START Records to process

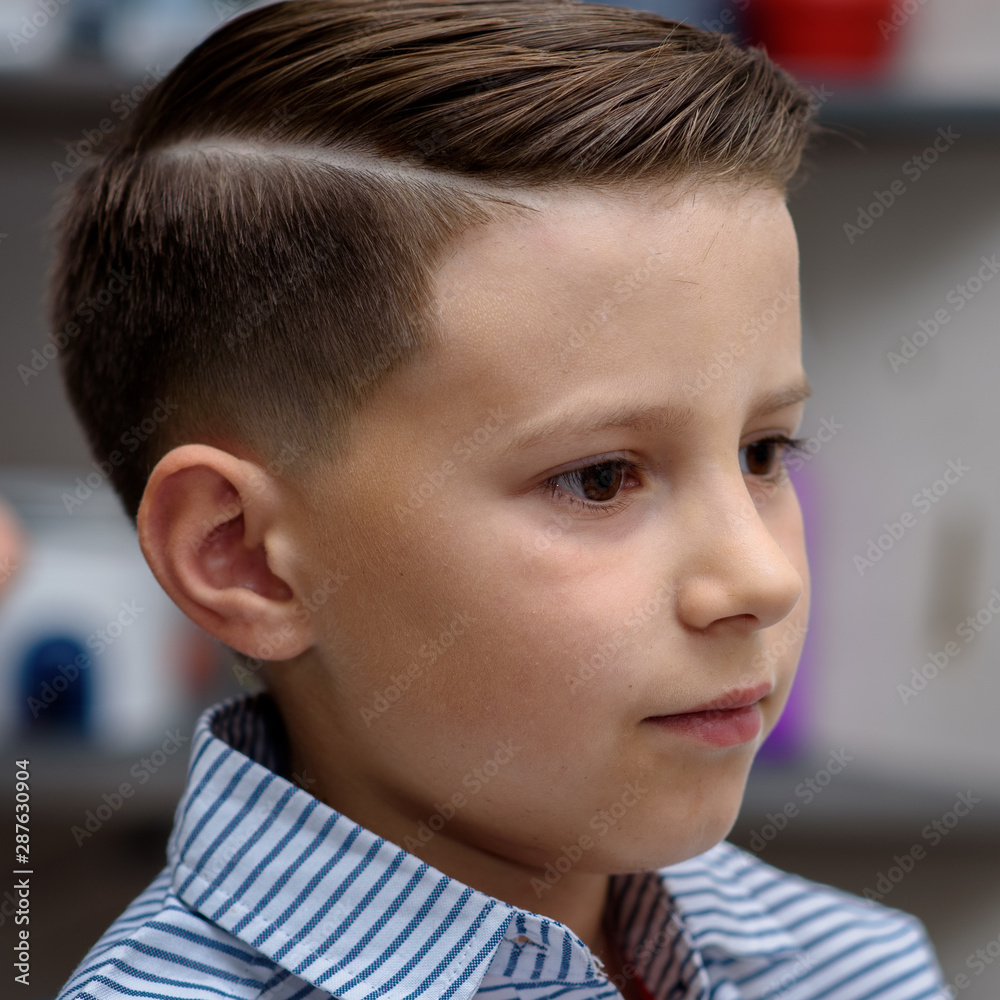 Barber shop. Boy with a totally new look is looking to himself at the mirror.. Barber shop. Boy with a totally new look is looking to himself at the mirror..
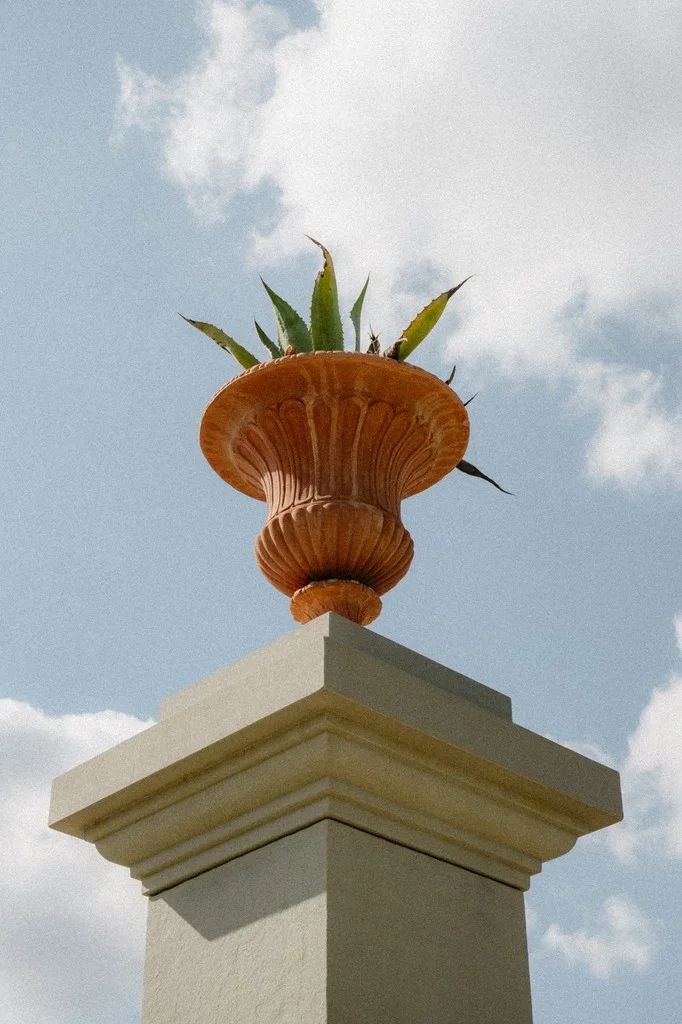 Terracotta urn on a stone pillar against a bright summer sky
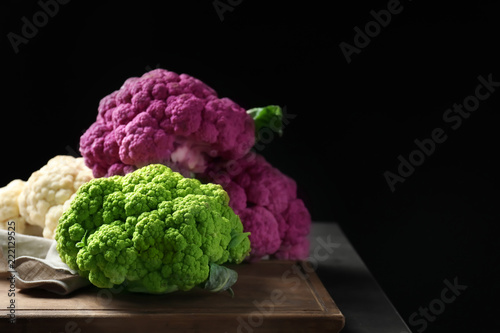 Board with green and purple cauliflower cabbages on table against black background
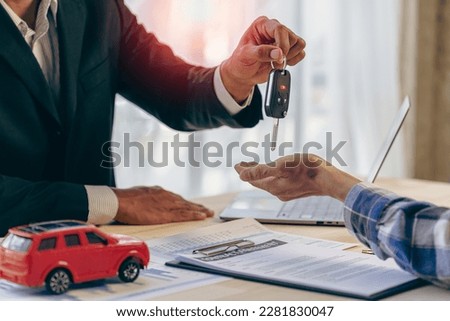 Explain promotions and car insurance for rental or purchase. A car dealer or sales manager hands the keys to the car owner and explains the terms of the car contract at a desk in the office.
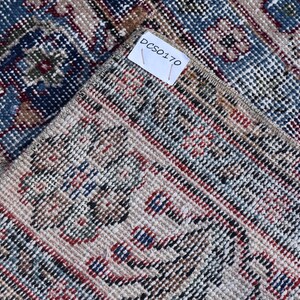 Puede incluir: Primer plano de una alfombra tejida con fondo beige y un patr&oacute;n de rayas azules, rojas y negras. La alfombra tiene una etiqueta con el texto "DCS0170".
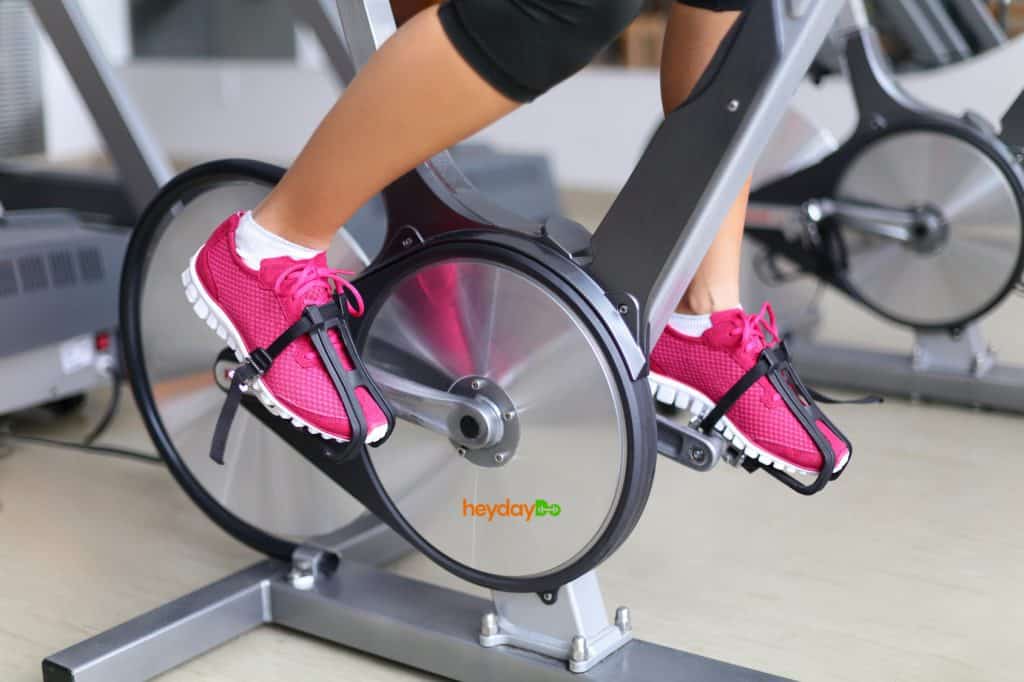 woman's legs pedaling a magnetic resistance bike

END Records to process

Without the images, print all of the lines above exactly.

▸ Result of this task
 Barber shop. Boy with a totally new look is looking to himself at the mirror.. Barber shop. Boy with a totally new look is looking to himself at the mirror..
 Terracotta urn on a stone pillar against a bright summer sky
 Board with green and purple cauliflower cabbages on table against black background
 Explain promotions and car insurance for rental or purchase. A car dealer or sales manager hands the keys to the car owner and explains the terms of the car contract at a desk in the office.
 Puede incluir: Primer plano de una alfombra tejida con fondo beige y un patr&oacute;n de rayas azules, rojas y negras. La alfombra tiene una etiqueta con el texto "DCS0170".
 woman's legs pedaling a magnetic resistance bike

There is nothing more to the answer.